Partide onu siyahlar içinde gördüğünde iyi kötü yaşadıkları her şey gözünün önünden geçti Merve'nin, gözleri dolmuştu. Sanki yaranın üzerini kaplayan kabuk bir anda kalkmış ve kanamaya başlamıştı. Üzerinden onca zaman geçmesine rağmen gözünü kırpmadan onu terk eden sonrasındaysa çok pişman olan genç Merve oluvermişti bir anda. Tüm gardı kalkık o çaresiz genç, pişman Merve. Ona doğru geldiğini farkettiğindeyse düşüncelerinden kurtulup toparlandı. Elini tutup sanki ilk defa tanışıyormuşçasına adlarını söylediler.
-Kerim Adil Sağlam
-Merve... Merve Aksak... Hoş geldiniz Kerim Bey
-Hoş buldum Merve AKSAK (vurgulayarak)
Her şey 18 yıl öncesi gibiydi tek fark Merve artık Aksak'tı. Kerim'in canını en çok acıtan detay da buydu zaten. Onu sadece soyadı için terk edip gitmişti ve amacına ulaşmıştı. Merve ne zaman istediği bir şeyi elde edememişti ki zaten?
Bir ayrılıkta hangi taraf daha çok yaralanır terk edilen mi, terk eden mi? Onlarınki bu kadar basit değildi gerçi, ne terk edilen sebebini tam olarak biliyordu. Ne de terk eden bunu isteyerek ve nedenini açıklayarak yapabilmişti. Bir elmanın iki yarısını ayırmak gibi ikisi de farklı yerlerde, ayrı ve birbirlerine muhtaç. Ara sıra akıllarına gelip ya hiç ayrılmasalardı diye düşünüyorlar hatta ne ara sırası akıllarının bir köşesinde hep bu merakla yaşamışlar. Acaba hayat onları hiç ayırmasaydı nerde yaşarlardı mesela, bir çocukları olur muydu? Ya da en çaresiz zamanlarında yan yana olsalar hayat daha çekilebilir bir yer mi olurdu? İnsanın bi kaldıranı olduğunu bilmesi düşüşlere olan korkusunu azaltır mı? Her zaman yalnız olmuşlardı ayrılalıdan beri. Etraflarında ne kadar insan olursa olsun onlar ayrıyken hep yalnızdılar.

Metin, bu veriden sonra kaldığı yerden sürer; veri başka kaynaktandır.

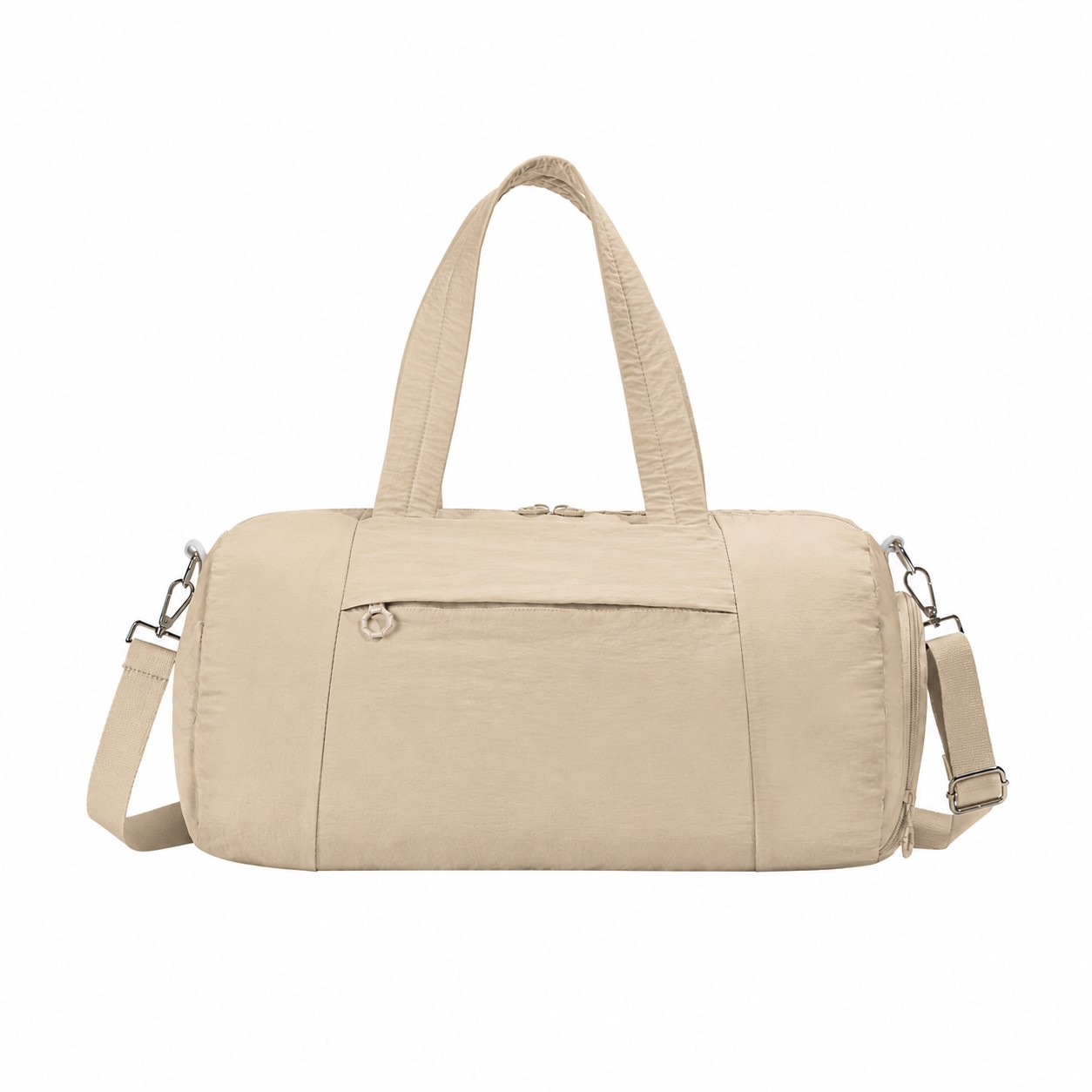 Nylon Shoe Duffel Bag — Beige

Oya'nın ceketini asarken 18 yıl önce terk ettiği adamın sesiyle afalladı ve ona döndü.
-Özledin mi beni Merve?
"Özlemek" 18 yıl boyunca ikisinin yaşadığı hayatın tek kelimeyle özetlenişi gibi; Birlikte geçirdikleri her günü, her anı, her saniyeyi delicesine özlemek. Anılarla, anılara tutunarak, anıların içinde yaşamak...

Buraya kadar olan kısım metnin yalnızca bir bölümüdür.